Receptors of the somatosensory system


  • Receptors undergo a change due to stimulus and transducer this change into a membrane potential change
    • Ie, they take energy from the environment and transducer a membrane potential change (cell membrane permeability)
    • The change in membrane potential is the receptor potential
  • Sequence of events:
    • Stimulus
      • Change in ionic permeability of receptor cell
      • Change in membrane potential ie, a change in the receptor potential
        • Generation of action potentials in afferent nerve terminal
        • Propagation of action potentials to CNS
  • How do we differentiate between different stimuli?
    • Answer 3 questions:
      • What is the stimulus – type/modality
      • Where is the stimulus – location/receptor field + somatotopy
      • How strong is the stimulus – rate code (number of action potentials in a certain time. Faster, stronger stimuli cause action potentials at a higher rate)
        • Extension in time and space (population code – number of receptors) completes the description

Rate code

  • The number of ion channels opened, and ultimately the number of action potentials is proportional to the strength of the stimulus


  • The receptor field defines the location
    • Stimuli stimulates different regions that are covered by specific receptors
    • Eg: muscle spindle field is stretch of muscles, in the skin there are dermatomes; similar for ears/eyes, etc
  • Pacinian corpuscles tell you gross localisation (e.g. on that finger, not sure where); Meissner's corpuscle localises more tightly, responds to light touch

Types – somatosensory modalities

Note that you might not have all the receptors on every single part of the skin on the body (some places on the skin might just not have receptors)

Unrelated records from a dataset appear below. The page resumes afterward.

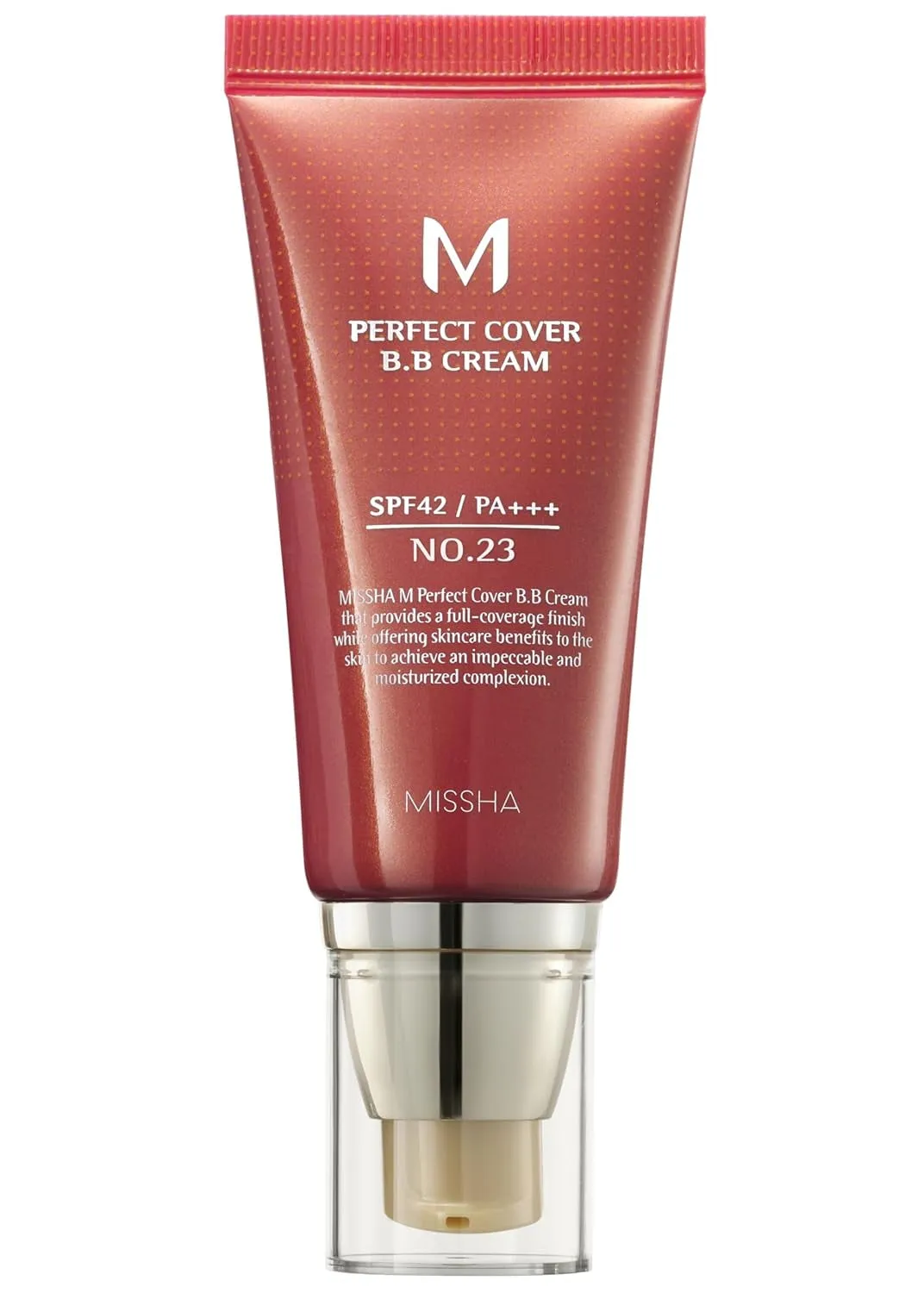 M Perfect BB Cream No.21 Light Beige for Bright Skin SPF 42 PA     1.69 Fl Oz - Tinted Moisturizer for Face with SPF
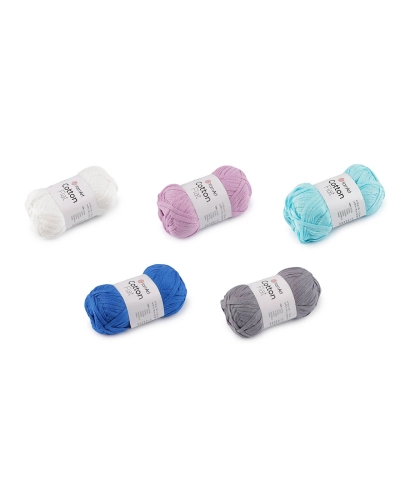 Bavlnená pletacia priadza Cotton Flat 50 g - 1 ks | Mimib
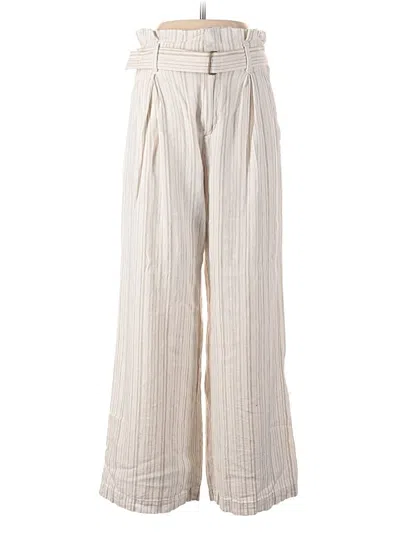 Pre-owned Banana Republic Factory Store Linen Pants In White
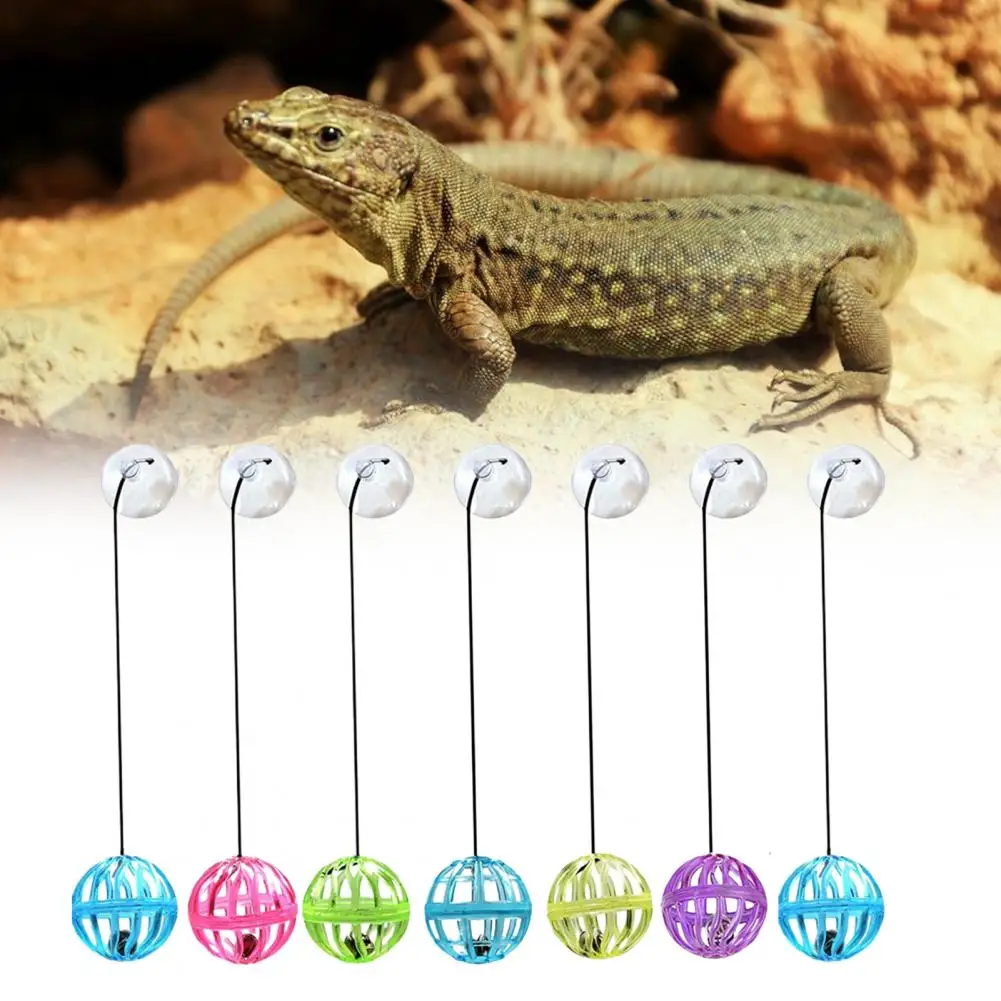 7 Pcs/Set Lizard Toy Bells  Colorful   Pet Bell Toys Anti-crack Pet Bell Toys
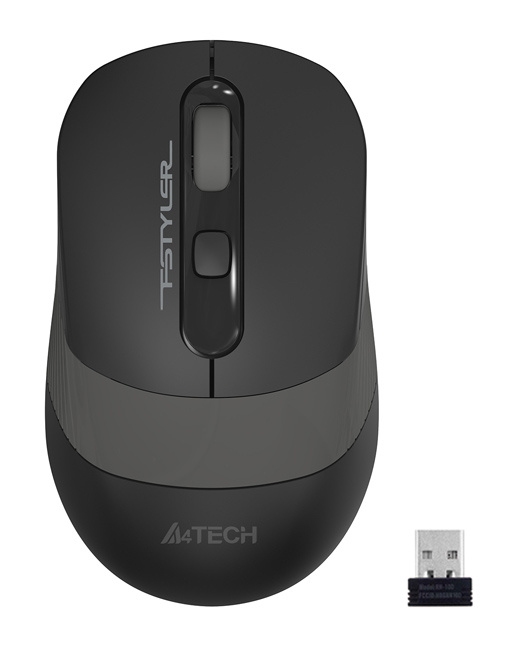 картинка Мышь беспроводная A4Tech Fstyler FG10, 1200-2000 dpi, черный/серый, FG10 GREY от магазина Альфанит в Кунгуре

  • Four somatosensory modalities
    • Receptors are distributed throughout the body
  • Group I and II afferent fibres (A-beta) – large myelinated fibres
    • Tactile
      • Includes hair afferents, Pacinian corpuscles, Merkel discs (all have slightly different jobs related to sense of touch)
    • Proprioception – limb and joint position + movement (kinaesthesia)
      • Includes spindle afferents, Golgi tendon organs, joint receptors
  • Group III and IV afferent fibres (Ad and C) – small (Ad = myelinated, C = unmyelinated)
    • Thermal
      • Includes hot and cold receptors
    • Include nociceptors that respond to mechanical, chemical or thermal stimulus (pain submodalities)
      • Pain – travel speed of <1m/s which is very slow, however if there is a small pain, it is still felt
        • There are distinct pathways for pain vs tactile/thermal: if you crush someone's hand, the tactile receptor can detect very intense pressure, but no pain until pain receptors turn on (pain itself can become more intense, but you won't feel pain based on intense tactile stimulation)
  • Groups define size, A-->C etc defines speed
  • The skin contains all tactile, thermal and pain receptors
  • Observations
    • Difference between tactile and thermal – tactile only works while in contract, thermal can work while not
    • Difference between tactile and pain – touch travels faster, thus we have time to think ‘OMG’ before we feel the pain
  • Locations in the skin
    • Free nerve endings – the general nerve terminals control temperature and pain
    • Meissner’s corpuscle, Pacinian corpuscle – some deep, some shallow, are responsible for different qualities of touch
  • Two types of skin: hairy skin and glabrous skin
    • Free nerve endings occur in both locations (i.e. the afferent itself functions as the receptor: checks for pain and temperature - Ad and C)
    • Touch is different: Meissner's (detailed touch on fingertips) and Pacinian corpuscles
      • Hairy skin does not have Meissner's corpuscles (so no high resolution touch)
    • Glabrous skin also has difference in how Merkel's discs are arranged
    • Deep receptors e.g. Ruffini (stretch) and Pacinian (contact/vibration) are not very good with resolution and localisation (e.g. bad for Braille, unlike Meissner's)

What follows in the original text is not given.